The Twins began this series 5-for-5 with five runs scored. They were a juggernaut for about 15 minutes.

And that great but short-lived start could lead them to getting swept in a three-game series against Cleveland. After blowing a nice lead Tuesday, they were shut down Wednesday by lefthander T.J. House and the Indians bullpen in a 5-0 loss. The series ends Thursday when they meet one of the hottest pitchers in baseball in Corey Kluber.

Will the streak go on?

They scored five runs without making an out Tuesday, extending their push as the No. 2 scoring offense in August. But that means the Twins have been held scoreless in 17 consecutive innings, a run that could continue against Kluber, who throws one of the most effective curveballs in the game.

The Twins, who were 0-for-8 with runners in scoring position Wednesday, need to find some offense quick, as they are now a season-low 15 games under .500.

“I feel like tonight, I felt like every inning we had runners on base,” Twins second baseman Brian Dozier said. “We just didn’t get any hits.”

Mike Aviles went 3-for-4 with a home run and Zach Walters added a home run as Cleveland improved to 7-5 against the Twins. The Twins have been shut out 10 times this season, six times by lefthanded starters. Keep in mind that Wednesday was the 41st time they faced a lefthanded starter. The other four shutouts have come during the 84 times they have faced righthanded starters.

“We’re under .500 against righties and lefties,” Twins manager Ron Gardenhire said. “We haven’t played well.”

The Twins had two runners on with one out in the second but Eric Fryer struck out and Jordan Schafer tapped back to the mound. Joe Mauer ended the fifth with a tapper to short with two on. In the sixth, reliever C.C. Lee came on with two runners on to get Eduardo Escobar to fly out and Eric Fryer to ground out to third.

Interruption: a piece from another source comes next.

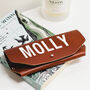 Personalised Handmade Leather Glasses Case, thumbnail 4 of 6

House (2-3) went 5⅓ innings, giving up four hits and three walks but piled up the zeros.

“We knew this coming in.” Dozier said. “Once he gets guys in scoring position he’s just all change ups and sliders. He’s got a good change up. We barreled a lot of balls up too. We just didn’t get any hits with people on.”

Righthander Ricky Nolasco fell to 5-9 with the loss. The early sounds suggested it was going to be a long night for him. Balls banged off the right-field scoreboard. One cleared it. Nolasco gave up four runs over 6⅔ innings including a solo home run to Walters in the second. But Nolasco settled down some later in his outing. He wasn’t as bad as several of his starts this season, but he’s still given up four earned runs 11 times this season.

“Once he settled in there, his breaking ball got better as he went along,” Gardenhire said. “He took something off the curveball and his fastball looked better.”

The Twins feel Nolasco, making his second start since coming off the disabled list, has something he can build on. After signing him to a four-year, $49 million contract during the offseason, the Twins want to see him finish strong.

It didn’t help Nolasco that he was pitching for the Men Without Bats on Wednesday.

“[Nolasco] was a positive for the night,” Gardenhire said. “Unfortunately we didn’t do anything offensively.”